Should we use another function than RMS(dx) in fit to max? And what about a completely diffrent way to fit the arc. E.g. one could go through a peak detection scheme, and use a more-intuitive distance criterion to the peaks, still taking into account the fact that one peak should correspond to a single arc line...
LocalModel structure to be used for dx(lambda) and sigma(lambda) -nlenses -ncoeff -**coeff -type (NAG, Fit_polynom) -domain of validity in lambda
Implement the blaze option, in order to fit 0th/2nd orders weighted according to the blaze function.

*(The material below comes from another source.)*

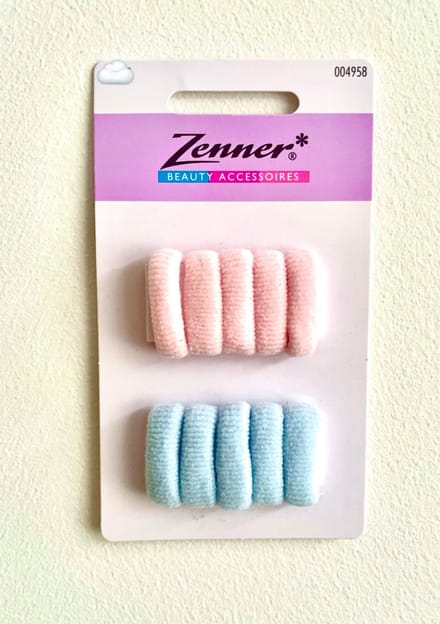 Licht roze /blauwe badstof elastiekjes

Discard the need for the arc frame or for the max if they are not actually adjusted.
It is probably not a good idea to use a classical minimization scheme on such a noisy ill-conditionned problem. Maybe have a look at ``simulated annealing'' algorithm (cf.
GSL), which could be however computation-time costly.
Compute decent value for arc normalisation factor
glnormmax (arc frame mean? 1st step value?)
Fit_polynom (with automatic adjustment of polynomial degree) instead of
fit_poly_rej_nag_tab in local adjustment. Furthermore, since the sigma=f(lambda) is noisy, the sigma-clipping is not rebost enough, and one should enforce a physical selection over sigma right after pup_get_maxdata
CHECK CAREFULLY THE OPTIMAL EXTRACTION (signal and variance). In particular, use the variance extension during the optimal extraction. One could also have a look at Khmil & Surdej 2002 (optimal extraction with maximum entropy).
Test the option
Use a fancier interpolation scheme in the final spectrum writing
The spatial coordinates still have to be computed.
Test different zones in the arc frame (size and position, but beware of 0th and 2nd orders)
Fit multiple zones in the arc frame and derive a CCD-tilt
Check out why the Y-error bars are so different between the red and blue channels. The formal error estimates derived with
nllsqfit_bnd seem theoritically correct.